A couple of points are worth making, I think, prior to considering the performances. So great was the demand for tickets for this event that I found myself in a seat in the far back corner of the church. A pillar obstructed my view of the platform so that all I could see of Paul Lewis was an occasional glimpse of his right hand. In many other venues such a ‘vantage point’ would have been disastrous but that was not the case here. The acoustics of St. James’ Church are exceptionally fine and the piano sound carried to me truthfully and clearly. Which leads me to the second point: what a fine piano sound it was! The Festival had the unexpected opportunity to acquire the Steinway which has been hired for each of the previous festivals. An appeal was launched with Alfred Brendel, no less, as its patron and the appeal was successful: the piano was formally purchased last week. On the evidence of this recital and Steven Osborne’s thrilling Messiaen recital, which placed very different demands on the instrument (review), I would say that the Festival has made a very sound investment indeed.
Schubert’s piano music and Steinway pianos could have been made for each other. The tone and projection of this instrument seemed to suit both the music and Paul Lewis’ approach to it very well indeed.
These three sonatas were all written in the last few months of Schubert’s life and they represent, surely, the pinnacle of his achievement in the genre. Each is on an expansive scale and in order to accommodate them all in a single programme Paul Lewis omitted the exposition repeat in the first movement of each sonata. One might regret the loss of music but this was a pragmatic decision: with all three repeats included the evening would have been very long indeed. And the artistic gains of hearing the sonatas as a triptych outweighed any disappointment at the loss of the repeats.
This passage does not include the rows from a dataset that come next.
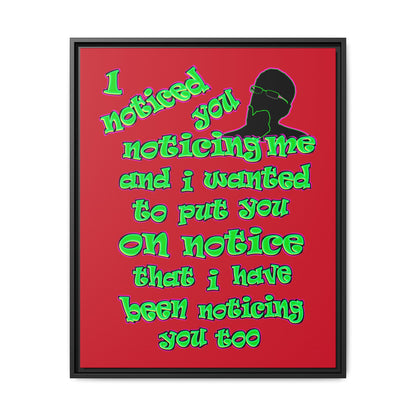 noticed you noticing - framed canvas art (dark red)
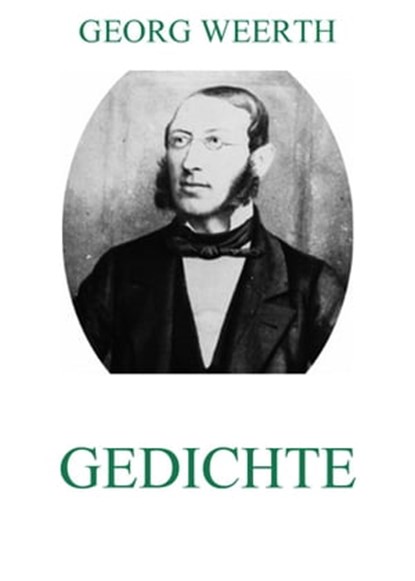 Gedichte, Georg Weerth - Ebook - 9783849639563
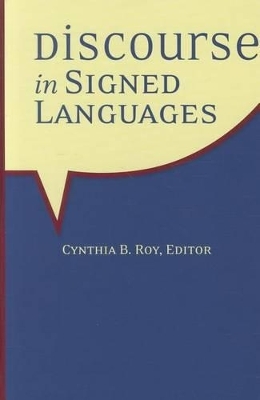 Discourse in Signed Languages - Cynthia B. Roy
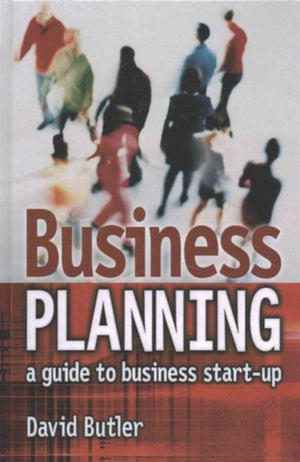 Business Planning: A Guide to Business Start-Up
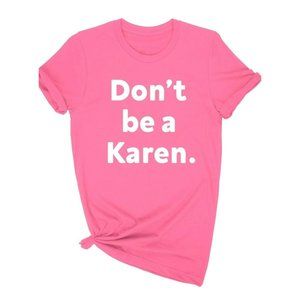 Alphia Don't Be A Karen Graphic Short Sleeve Tee Hot Pink Size Small NWT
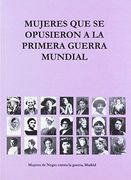 Mujeres que se Opusieron a la Primera Guerra Mundial (in Spanish)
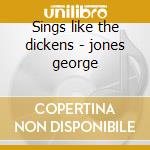 Sings like the dickens - jones george cd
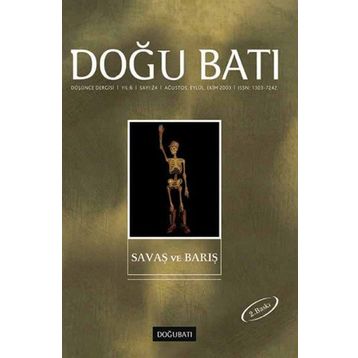 Doğu Batı Düşünce Dergisi Sayı: 24 Savaş ve Barış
In the first movement of D 958 Schubert offers vigorous music as well as characteristically graceful episodes. Lewis’s playing had strength where required but also warmth in the lyrical passages; these were to be features of his playing throughout the evening. I admired greatly the poise that he brought to the lovely second movement while the finale, taken attacca after the Menuetto, had for most of the time a momentum that was impish in places though, as usual, Lewis relaxed expertly when one of Schubert’s lovely liquid episodes was reached.
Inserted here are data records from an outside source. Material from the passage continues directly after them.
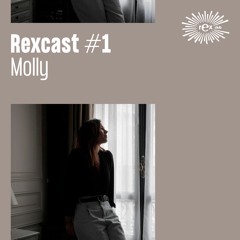 REXCAST #1 - MOLLY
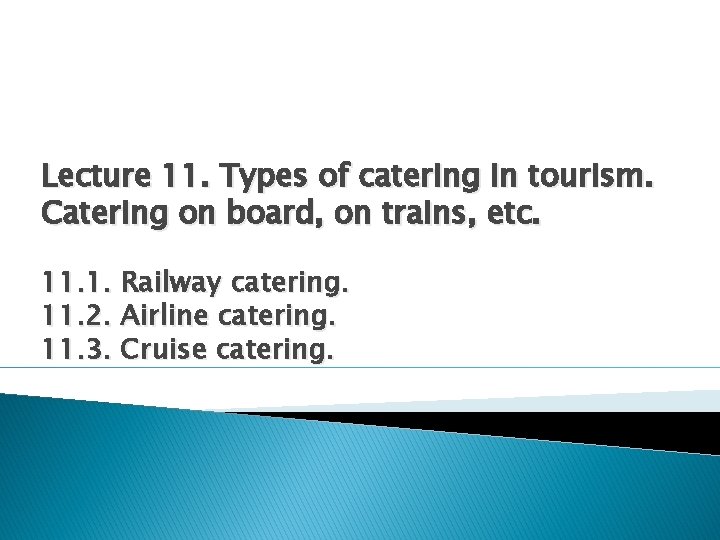 Lecture 11. Types of catering in tourism. Catering on board, on trains, etc. 11.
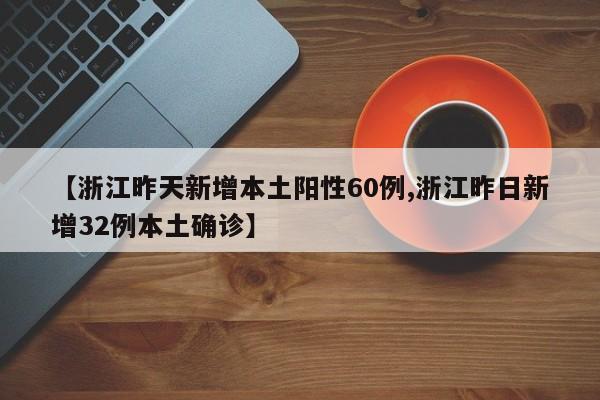 【浙江昨天新增本土阳性60例,浙江昨日新增32例本土确诊】
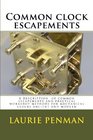Common clock escapements A description  of common escapements and practical workshop methods for mechanical clocks ancient and modern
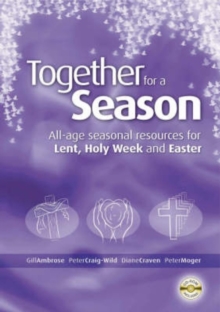 Together for a Season : Lent, Holy Week and Easter, Mixed media product Book Together for a Season : Lent, Holy Week and Easter, Mixed media product Book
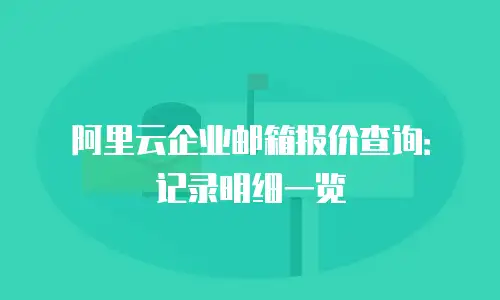 阿里云企业邮箱报价查询：记录明细一览
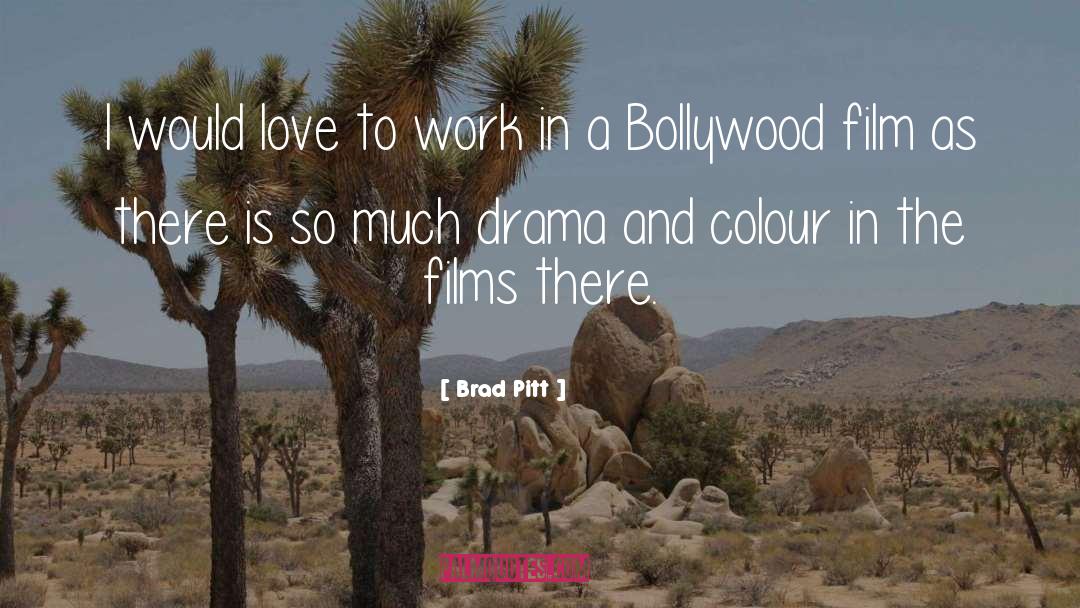 Bollywood quotes by Brad Pitt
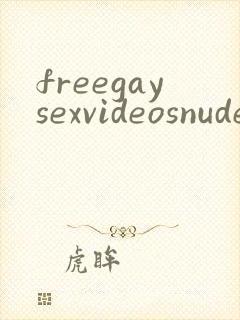freegaysexvideosnudementubelinks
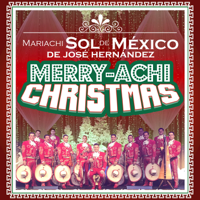 Mariachi Sol de Mexico de Jose Hernandez - Merry – Achi Christmas artwork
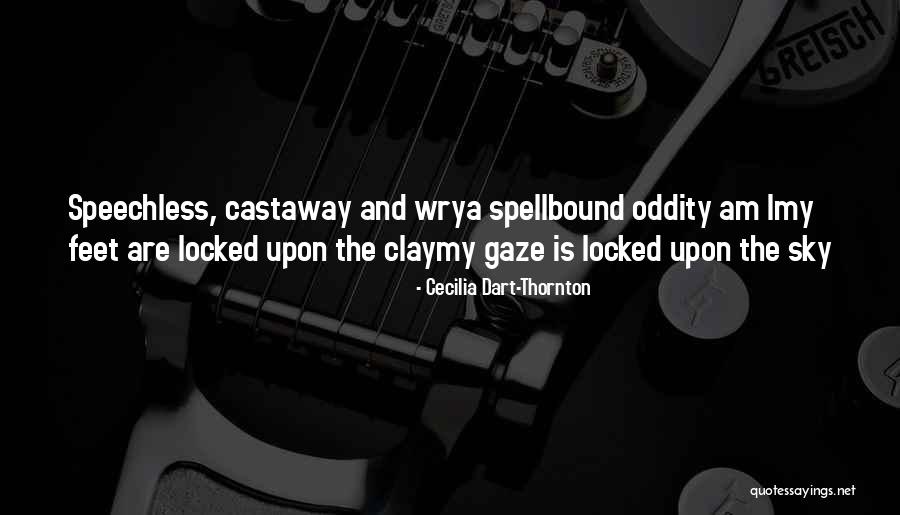 Castaway Quotes By Cecilia Dart-Thornton Castaway Quotes By Cecilia Dart-Thornton
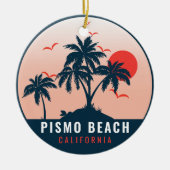Pismo Beach California Sunset Vacation Souvenirs Keramik Ornament (Vorne)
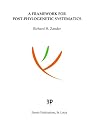 A Framework for Post-Phylogenetic Systematics
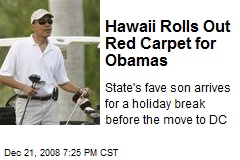 Hawaii Rolls Out Red Carpet for Obamas
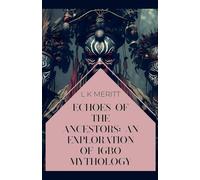 Echoes of the Ancestors: An Exploration of Igbo Mythology (2) (An Exploration of World Mythology)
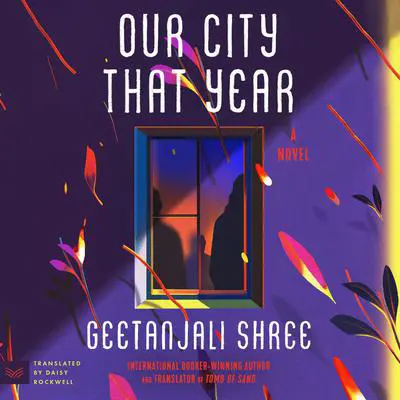 Our City That Year: A Novel Audibook, by Geetanjali Shree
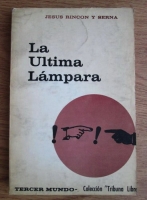 Jesus Rincon Y Serna - La Ultima Lampara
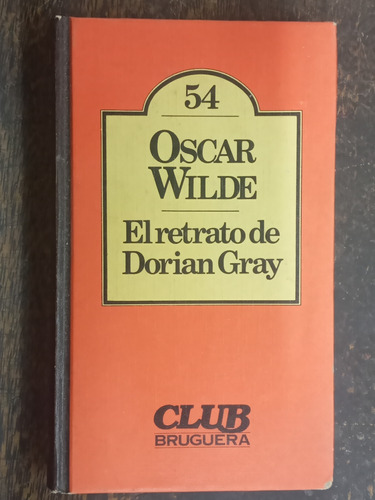 El Retrato De Dorian Gray * Oscar Wilde * Bruguera *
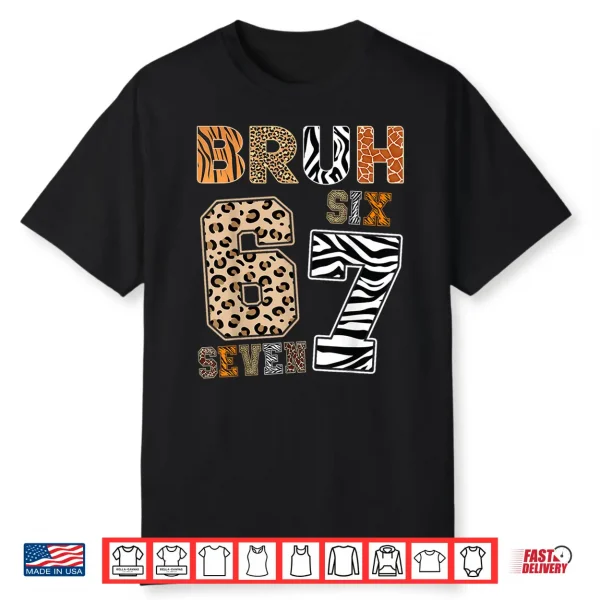 Bruh Six Seven 67 Meme Tee Wild Animal Print Kids Boys Girls Shirt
The opening Allegro of D 959 found Lewis projecting the dramatic passages powerfully. Elsewhere, his sense of line was excellent in the many lyrical stretches and time and again his playing demonstrated great finesse. Nowhere was this latter quality more in evidence than in the wonderful moments of subdued fantasy at the movement’s end: that was one of the imaginative and technical peaks of the recital. The Andantino found Lewis gently probing in the quieter outer sections, while he invested the powerful central section with passion and urgency. Deft fingerwork was on display in the Scherzo. The gentle, unassuming theme of the Rondo finale is quintessentially Schubertian. Lewis’ way with the theme was very pleasing: relaxed yet with purpose. Prior to the concert I’d been listening again to his 2002 Harmonia Mundi recording of the sonata. That’s very fine but I had the impression that in this recital Lewis was just a touch more relaxed and expansive with the theme of this movement – to its benefit. Schubert’s treatment of the rondo theme is varied and eventful and I thought Lewis was most persuasive. Here, as elsewhere in the programme, he showed a fine and very natural-seeming sense of Schubertian rubato.
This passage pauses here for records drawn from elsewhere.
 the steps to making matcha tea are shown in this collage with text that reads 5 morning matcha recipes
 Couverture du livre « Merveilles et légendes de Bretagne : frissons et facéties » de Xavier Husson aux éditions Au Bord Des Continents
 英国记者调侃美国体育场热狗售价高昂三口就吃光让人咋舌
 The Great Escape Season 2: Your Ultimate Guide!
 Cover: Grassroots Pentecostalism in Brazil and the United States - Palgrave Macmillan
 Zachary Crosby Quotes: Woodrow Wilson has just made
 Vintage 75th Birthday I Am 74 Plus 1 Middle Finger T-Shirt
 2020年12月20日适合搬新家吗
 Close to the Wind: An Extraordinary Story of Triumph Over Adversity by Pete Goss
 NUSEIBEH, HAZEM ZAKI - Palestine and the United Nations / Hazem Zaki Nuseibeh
The second half was devoted to the great B flat sonata, D 960. The wonderful first movement unfolded beautifully. I thought Lewis’ playing was masterly, giving us a sense of inevitability as the music progressed. There were countless wonderful pianistic touches and Lewis showed great understanding of and empathy with Schubert’s style during the composer’s extensive discussion of his material in the development section. There is much lyrical grace in this movement but there are dark undercurrents too and these were brought out in the performance we heard. The reading of the richly expressive Andante sostenuto was profoundly satisfying. In Paul Lewis’ hands everything seemed to fall effortlessly into place although, of course, such apparent effortlessness is, in truth, the product of considerable thought about the music and a flawless technique. I admired the way the gentle melancholy of the music was realised, especially in the exquisite closing pages. The brief scherzo was a delight, the theme propelled along with freewheeling gaiety. The vivacious finale was another conspicuous success: Lewis brought marvellous energy to the music as well as a fine sense of style.
Paul Lewis has an enviable reputation as an interpreter of Schubert and this distinguished recital showed just why that reputation is so deserved.